Records for this exercise section start
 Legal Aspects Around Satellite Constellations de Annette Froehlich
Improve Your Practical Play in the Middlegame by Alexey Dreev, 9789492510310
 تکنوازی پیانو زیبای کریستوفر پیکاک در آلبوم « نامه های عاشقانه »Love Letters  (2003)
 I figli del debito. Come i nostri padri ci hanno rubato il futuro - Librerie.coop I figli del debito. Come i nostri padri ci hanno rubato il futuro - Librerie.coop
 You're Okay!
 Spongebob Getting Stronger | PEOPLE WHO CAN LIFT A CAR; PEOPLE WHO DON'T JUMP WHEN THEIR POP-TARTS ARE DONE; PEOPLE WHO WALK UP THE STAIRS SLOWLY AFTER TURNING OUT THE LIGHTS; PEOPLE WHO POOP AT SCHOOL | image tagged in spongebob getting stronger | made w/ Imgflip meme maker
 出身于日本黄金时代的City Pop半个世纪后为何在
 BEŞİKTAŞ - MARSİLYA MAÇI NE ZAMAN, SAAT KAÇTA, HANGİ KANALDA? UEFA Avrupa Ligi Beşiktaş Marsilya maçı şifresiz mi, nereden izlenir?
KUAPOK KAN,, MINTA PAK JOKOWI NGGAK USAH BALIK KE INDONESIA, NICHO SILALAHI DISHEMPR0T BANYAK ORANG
Records for this exercise section end
Records for this exercise section start
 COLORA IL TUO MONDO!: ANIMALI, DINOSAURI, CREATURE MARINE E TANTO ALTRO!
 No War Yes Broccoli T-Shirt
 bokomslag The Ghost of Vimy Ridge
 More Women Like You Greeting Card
Records for this exercise section end
__What is needed__
The lines above starting at the one that contains "BEŞİKTAŞ - MARSİLYA" and ending at the one that contains "KUAPOK KAN,, MINTA" must be transcribed exactly, and no other lines may appear.

__Task solution__
 BEŞİKTAŞ - MARSİLYA MAÇI NE ZAMAN, SAAT KAÇTA, HANGİ KANALDA? UEFA Avrupa Ligi Beşiktaş Marsilya maçı şifresiz mi, nereden izlenir?
KUAPOK KAN,, MINTA PAK JOKOWI NGGAK USAH BALIK KE INDONESIA, NICHO SILALAHI DISHEMPR0T BANYAK ORANG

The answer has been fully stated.